Thursday, 18 August 2016: 1:45 PM
Madison Ballroom CD (Monona Terrace Community and Convention Center)
Xuanji Wang, CIMSS, Madison, WI; and J. Key

Sea ice thickness provides an integrated measure of changes in the surface energy balance. Sea ice also has profound socio-economic value due to its impact on transportation, hazards, recreation, fisheries, and hunting. With recent developments in remote sensing instrumentation and retrieval methods, it is now possible and practical to estimate sea ice thickness from space using a variety of techniques, each having distinct advantages and disadvantages. To take advantage of the relatively long record of optical (visible, near-infrared, and infrared) satellite data from the Advanced Very High Resolution Radiometer (AVHRR), an energy budget approach for estimating sea and lake ice thickness has been developed. This One-dimensional Thermodynamic Ice Model (OTIM) has exhibited acceptable accuracy and uncertainty when compared to other satellite-derived sea ice thickness datasets such as ICESat and CryoSat-2. These lidar and radar altimeters measure ice elevation (freeboard), from which ice thickness can be estimated. OTIM has been also validated with in situ sea ice thickness measurements and the Pan-Arctic Ice Ocean Modeling and Assimilation System (PIOMAS). All approaches are influenced by uncertainties in the depth of snow on the ice, surface melt, deformation, ice motion, and other factors.

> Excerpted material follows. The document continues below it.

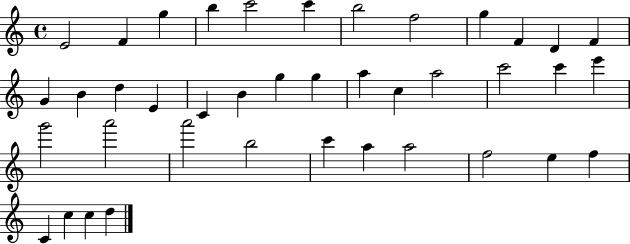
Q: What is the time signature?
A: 4/4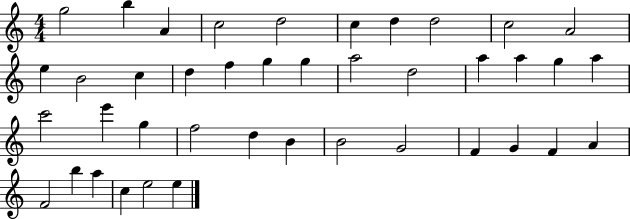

In this study we present and inter-compare sea ice thickness products from OTIM, ICESat, CryoSat-2, PIOMAS, and IceBridge aircraft. The comparisons are done over the Arctic Ocean for the period of overlap between all datasets. Additionally, OTIM is applied to 33 years of AVHRR Polar Pathfinder-Extended (APP-x) data, 1982-2015, to generate sea ice thickness for both the Arctic and Antarctic. Given the significant changes in sea ice cover in recent decades, we address the question of how sea ice thickness and volume have changed. Possible relationships with the Arctic Oscillation, North Atlantic Oscillation, and the Cyclone Activity Index (CAI) will also be discussed.